Y la situación puede ponerse aún peor, cuando se desocupa la habitación, es tu turno y el conserje te dice con la mejor cara de póker “Se desocupó la suite con hidro y TV flat. Es hasta las 12 y no incluye desayuno, Ciento sesenta y cinco pesos”. La gota más gorda que te cae en ese momento por la frente tiene el tamaño de un cascarudo entrerriano porque sos plenamente conciente de que te están estafando como el más zapato y te están haciendo pagar centavo tras centavo el hecho de que ellos tienen el lugar que tanto necesitás. Y qué le vas a hacer, es tu chica, y San Valentín es un día al año, y encima pobrecita se produjo para vos y se puso tacos, y tiene los pies como morcilla vasca… no te queda otra que meter la mano resignado en el bolsillo trasero del jean en busca del dinero que tan vil y descaradamente te están sustrayendo –encima- de manera totalmente legal.

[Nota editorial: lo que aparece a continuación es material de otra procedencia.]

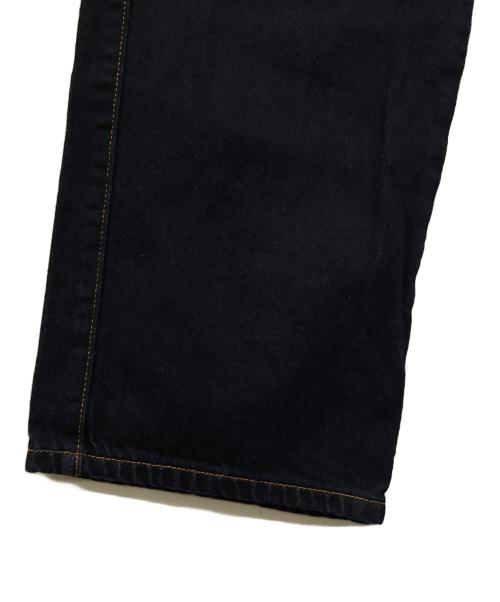 maison emerald（メゾンエメラルド）maison emerald (メゾンエメラルド) ワッペン付きデニムパンツ ネイビー サイズ:SIZE Ｍの古着・服飾アイテム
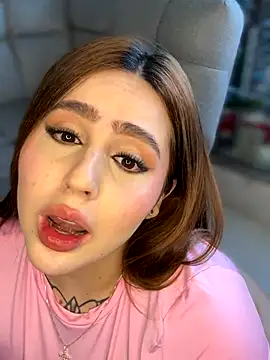 Snapshot of ValerieHilton chatting on October 27, 10:03 pm ValerieHilton online show from October 27, 10:03 pm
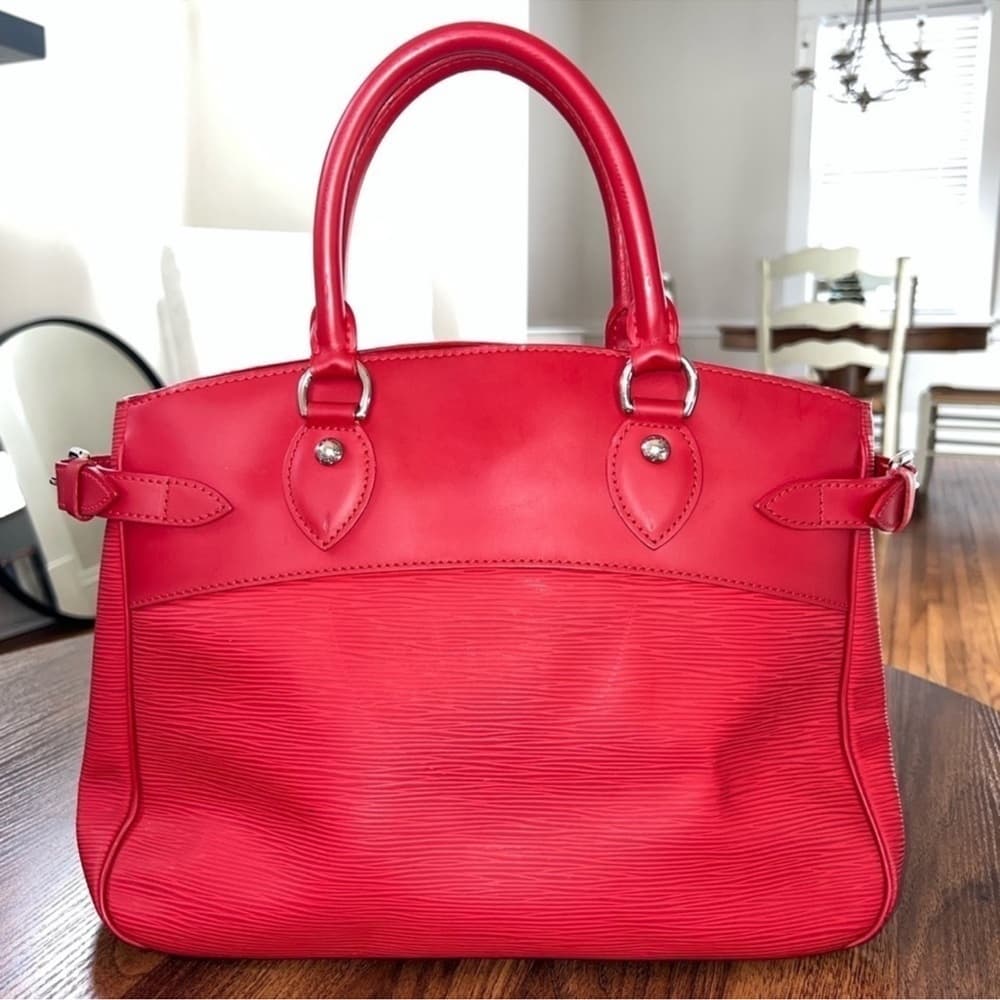 Authentic Louis Vuitton Passy tote bag red silver - Thumbnail 4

La opción es más llevadera si tenés un lugar donde ir, pero procurá por favor sacar de arriba de la cama toda la ropa interior sucia que dejaste tirada en la semana, cambiar las sábanas por unas limpias dentro de lo posible (o unas suficientemente aireadas), y fundamentalmente no abuses del aire acondicionado, porque el frío encoje.

Tal vez sea mejor aprovechar cualquier otra noche del año para sorprenderla con una hermosa velada de amor, que además de lunes a viernes sale más barato y conseguís descuento. _________________________________________________________________________

Por esto y muchas otras razones es que Odiamos San Valentín. Unite a la causa y amá a quien ames por lo que dice tu corazón y no por los macabros designios de un calendario marketinero.